Collier Zachary K, Leite Walter L, Karpyn Allison
5972University of Delaware, Newark, DE, USA.
3463University of Florida, Gainesville, FL, USA.
Eval Rev. 2021 Mar 3:193841X21992199. doi: 10.1177/0193841X21992199.
The generalized propensity score (GPS) addresses selection bias due to observed confounding variables and provides a means to demonstrate causality of continuous treatment doses with propensity score analyses. Estimating the GPS with parametric models obliges researchers to meet improbable conditions such as correct model specification, normal distribution of variables, and large sample sizes.

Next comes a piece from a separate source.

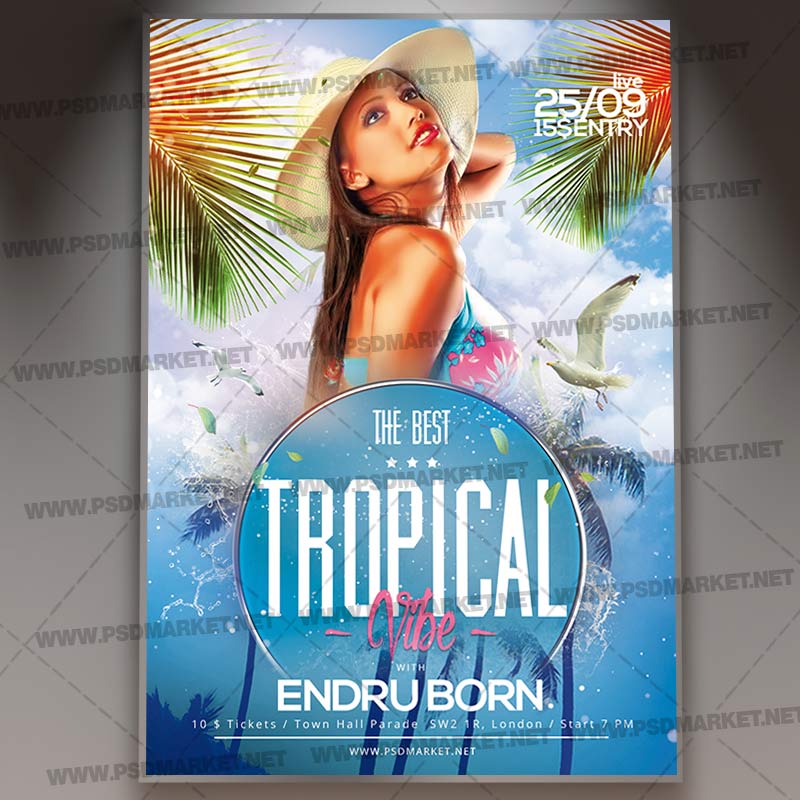 tropical_vibe_flyer_psd_psdmarket_1.jpg Download Tropical Vibe Flyer - PSD Template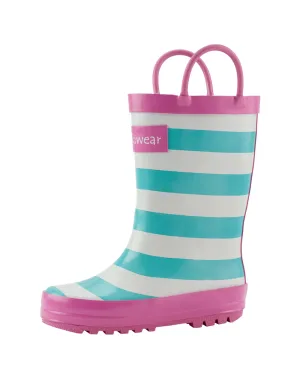 CHILDREN’S RUBBER RAIN BOOTS MINT, WHITE & PINK STRIPES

The purpose of this Monte Carlo simulation study is to examine the performance of neural networks as compared to full factorial regression models to estimate GPS in the presence of Gaussian and skewed treatment doses and small to moderate sample sizes.
A detailed conceptual introduction of neural networks is provided, as well as an illustration of selection of hyperparameters to estimate GPS. An example from public health and nutrition literature uses residential distance as a treatment variable to illustrate how neural networks can be used in a propensity score analysis to estimate a dose-response function of grocery spending behaviors.
We found substantially higher correlations and lower mean squared error values after comparing true GPS with the scores estimated by neural networks. The implication is that more selection bias was removed using GPS estimated with neural networks than using GPS estimated with classical regression.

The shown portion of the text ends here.